Write out the data once more, exactly as it reads.

Supplied data:
* * * * * * * * *
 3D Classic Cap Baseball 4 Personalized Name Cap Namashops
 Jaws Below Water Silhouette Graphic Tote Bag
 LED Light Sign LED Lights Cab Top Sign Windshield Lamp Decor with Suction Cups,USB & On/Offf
* * * * * * * * *
Answer to this exercise:
 3D Classic Cap Baseball 4 Personalized Name Cap Namashops
 Jaws Below Water Silhouette Graphic Tote Bag
 LED Light Sign LED Lights Cab Top Sign Windshield Lamp Decor with Suction Cups,USB & On/Offf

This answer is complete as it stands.